__DATA RECORDS__.
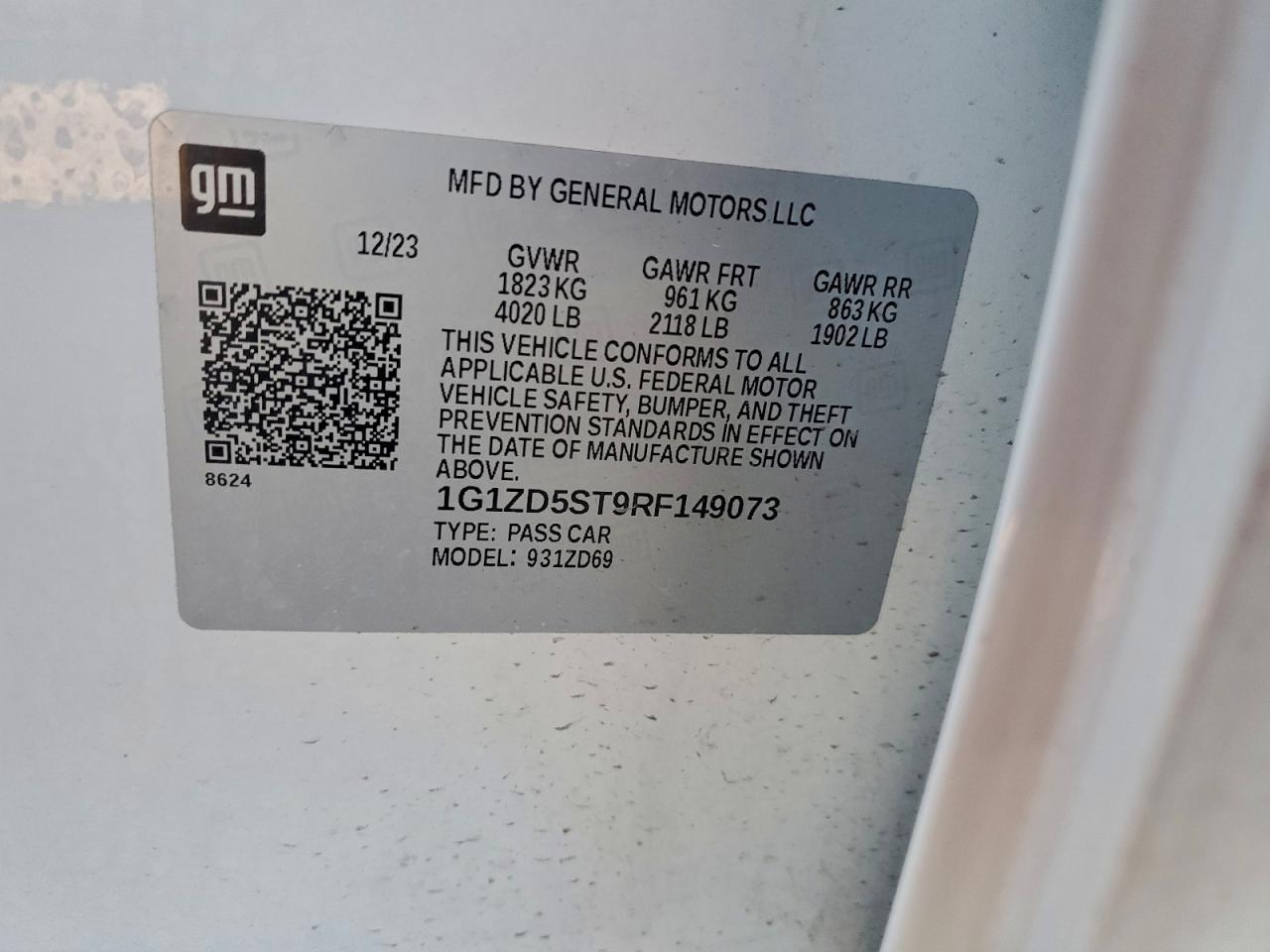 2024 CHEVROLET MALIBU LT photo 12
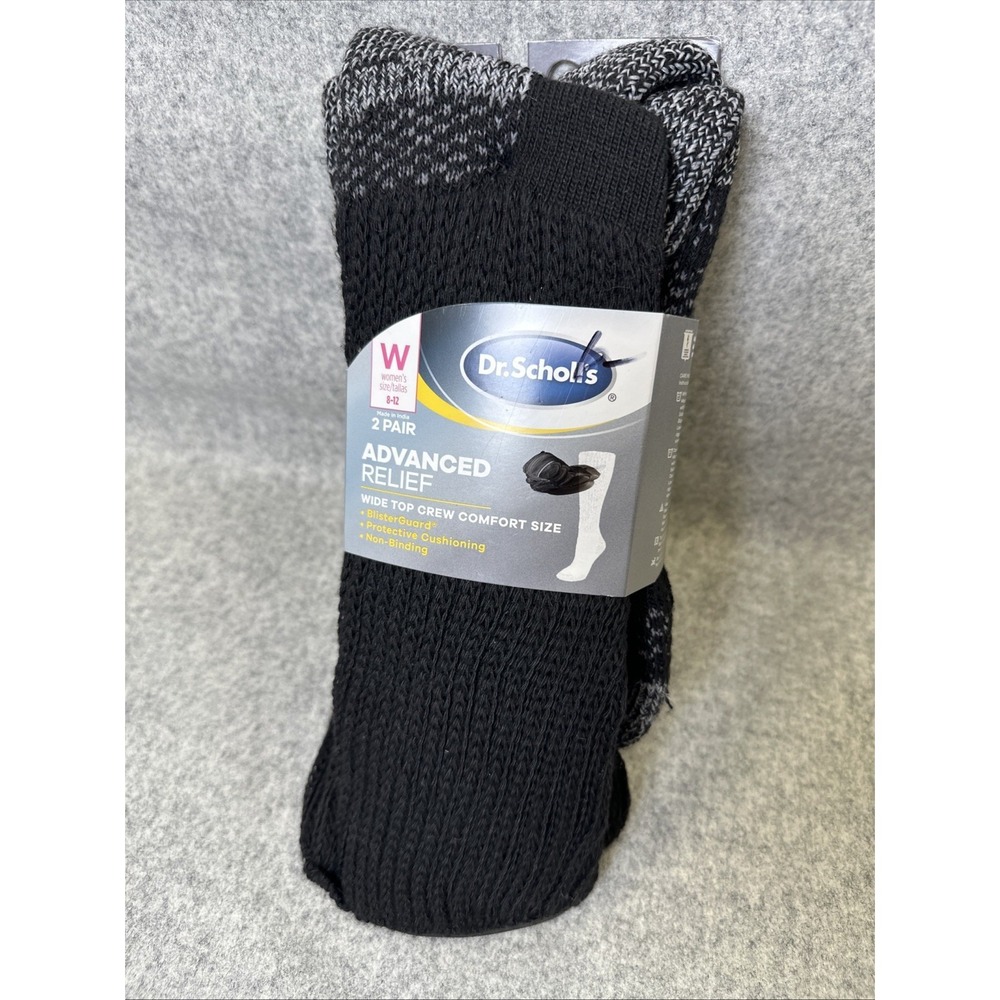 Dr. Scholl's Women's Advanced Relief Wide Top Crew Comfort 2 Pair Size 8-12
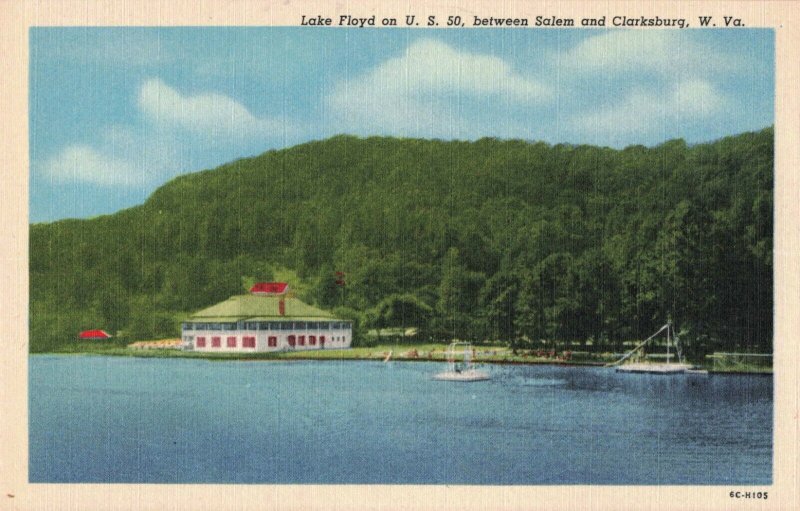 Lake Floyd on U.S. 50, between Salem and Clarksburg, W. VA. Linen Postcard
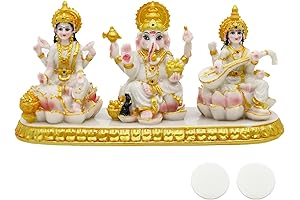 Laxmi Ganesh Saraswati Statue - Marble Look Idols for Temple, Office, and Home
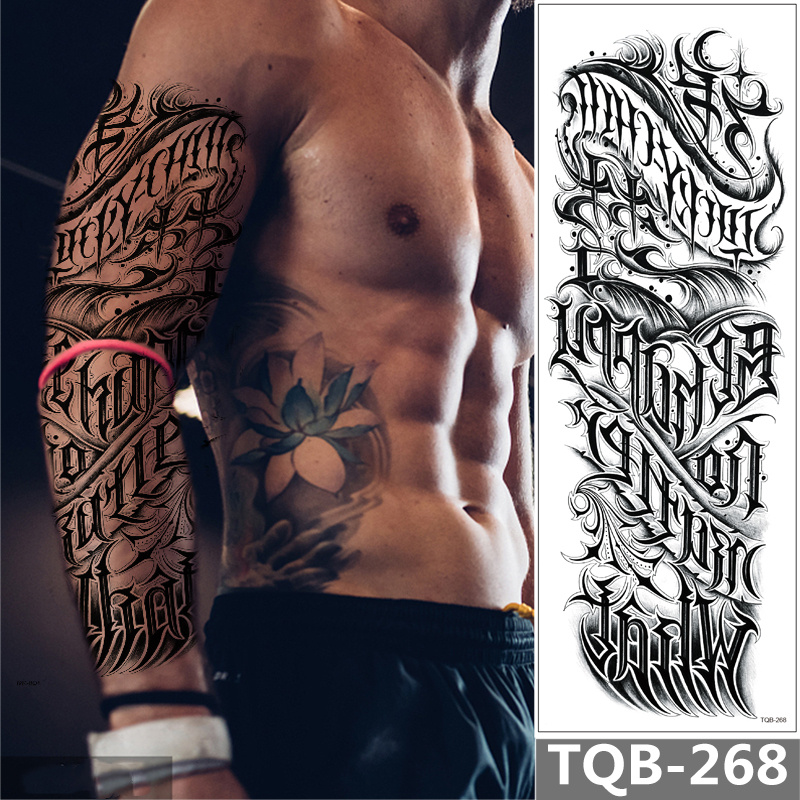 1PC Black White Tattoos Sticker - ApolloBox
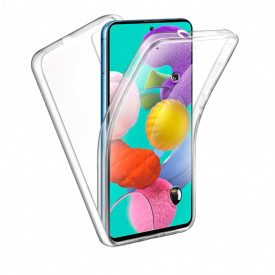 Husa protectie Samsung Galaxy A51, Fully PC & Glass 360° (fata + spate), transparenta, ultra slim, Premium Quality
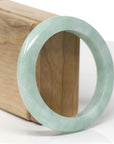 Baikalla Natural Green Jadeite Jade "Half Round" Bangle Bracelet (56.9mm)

---

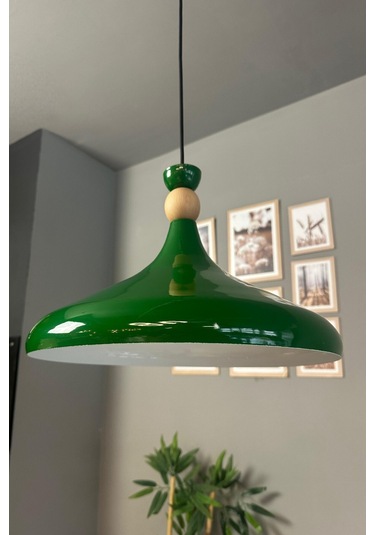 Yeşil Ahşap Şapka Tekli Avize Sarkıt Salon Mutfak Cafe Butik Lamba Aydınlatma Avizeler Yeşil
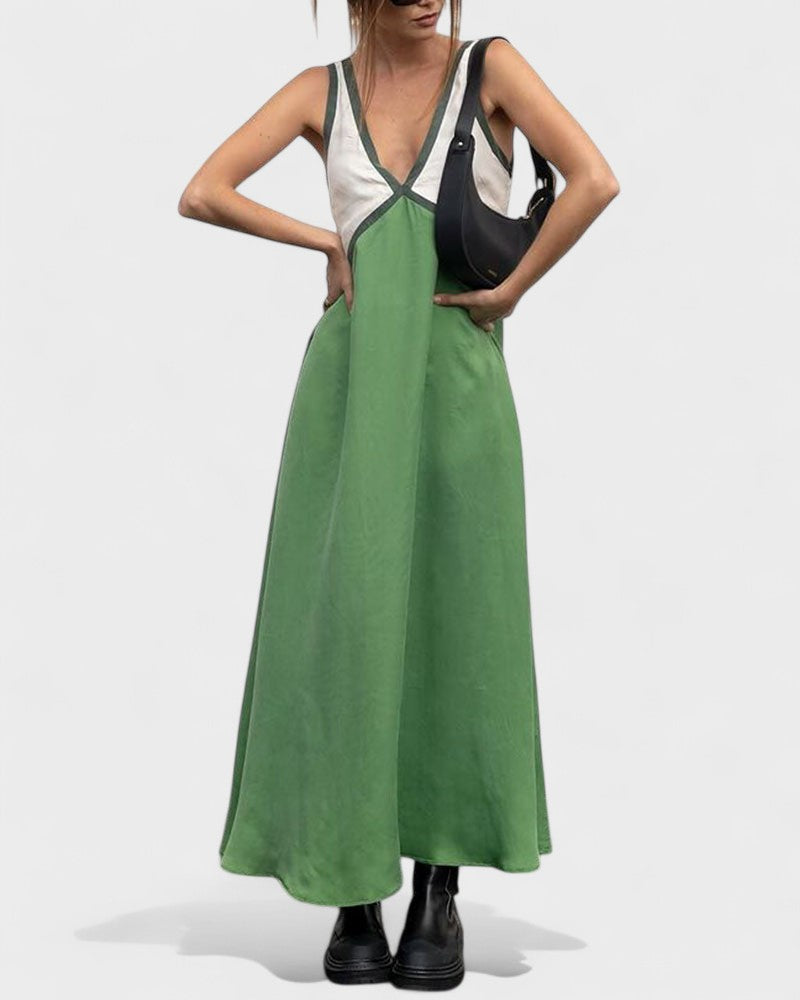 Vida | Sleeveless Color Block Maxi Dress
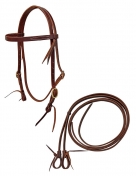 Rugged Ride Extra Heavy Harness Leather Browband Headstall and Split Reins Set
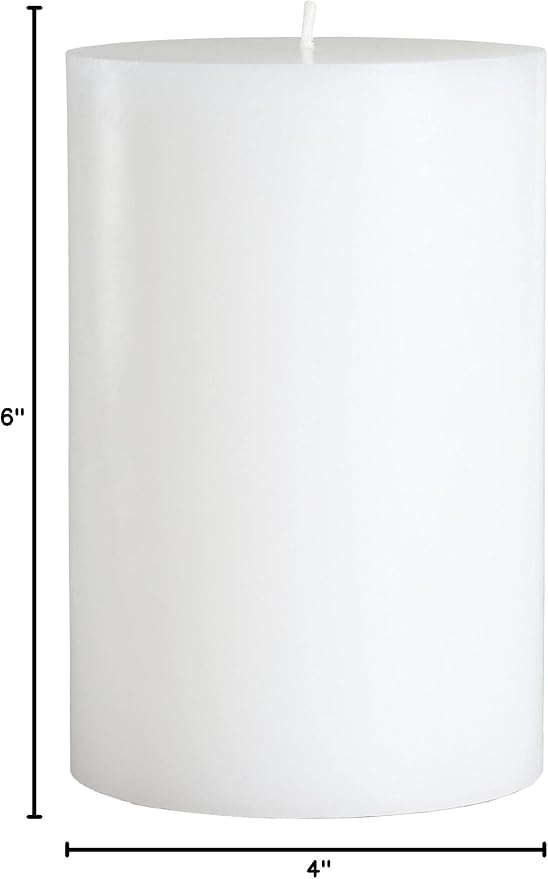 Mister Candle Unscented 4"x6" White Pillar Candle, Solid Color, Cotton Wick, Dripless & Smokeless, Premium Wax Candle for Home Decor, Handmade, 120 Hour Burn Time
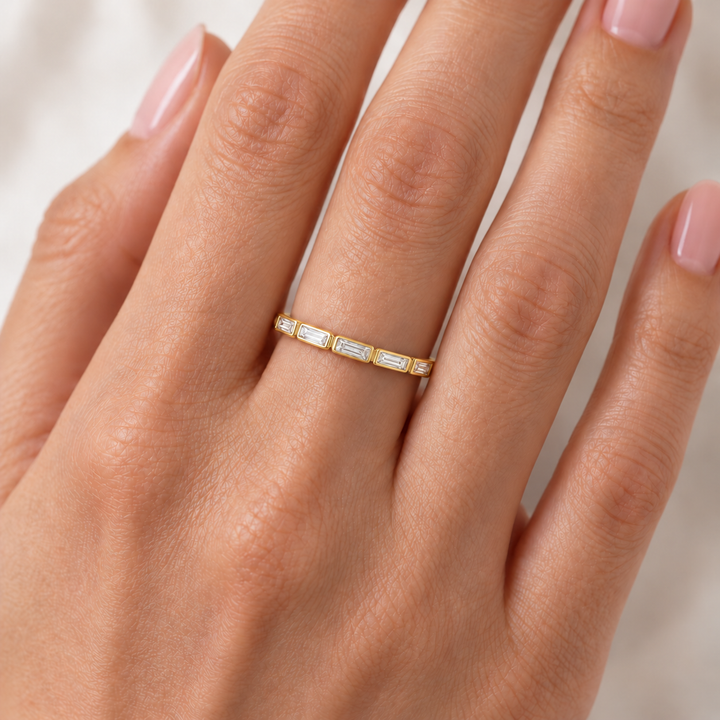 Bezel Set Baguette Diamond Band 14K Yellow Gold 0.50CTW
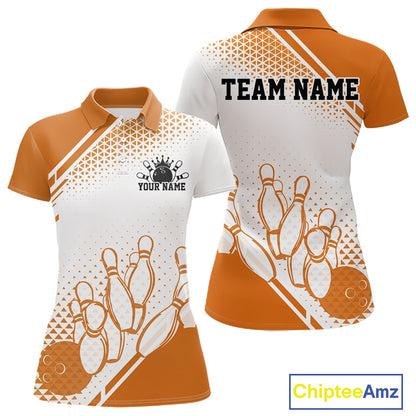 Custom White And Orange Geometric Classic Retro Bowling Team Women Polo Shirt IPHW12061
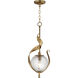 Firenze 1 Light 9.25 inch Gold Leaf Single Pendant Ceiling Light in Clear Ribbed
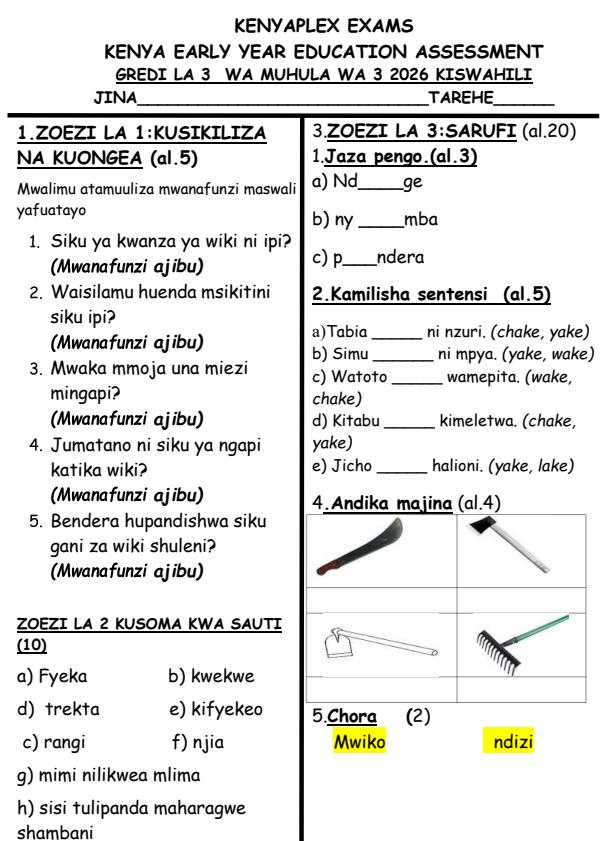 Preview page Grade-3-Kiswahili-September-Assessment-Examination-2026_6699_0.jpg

* * *

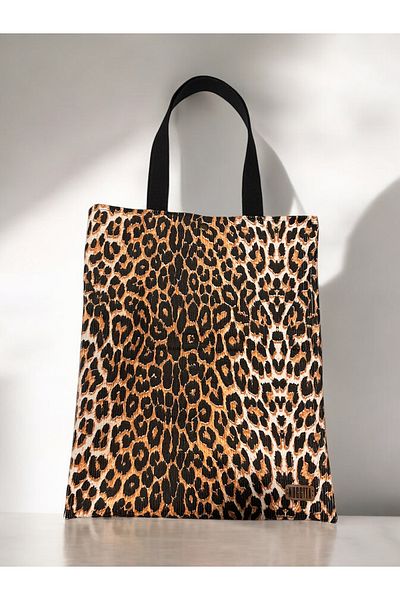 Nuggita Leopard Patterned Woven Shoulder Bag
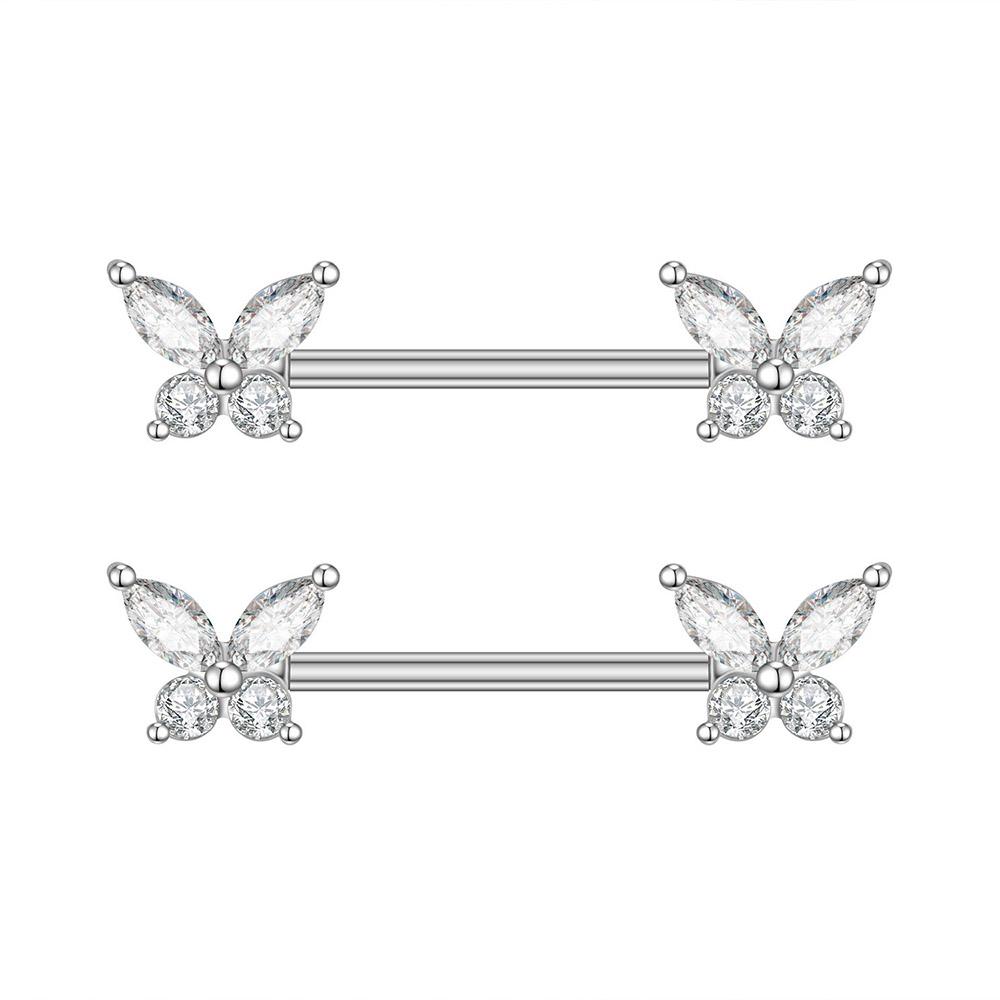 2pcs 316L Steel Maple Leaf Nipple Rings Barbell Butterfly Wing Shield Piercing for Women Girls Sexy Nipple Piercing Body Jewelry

__WHAT NEEDS TO BE DONE__. Go to the line above that contains "1PC Black White Tattoos Sticker - ApolloBox" and reproduce everything exactly from there through the line that contains "Baikalla Natural Green", leaving out the pictures.

__EXERCISE OUTPUT__.
 1PC Black White Tattoos Sticker - ApolloBox
 Husa protectie Samsung Galaxy A51, Fully PC & Glass 360° (fata + spate), transparenta, ultra slim, Premium Quality
 Baikalla Natural Green Jadeite Jade "Half Round" Bangle Bracelet (56.9mm)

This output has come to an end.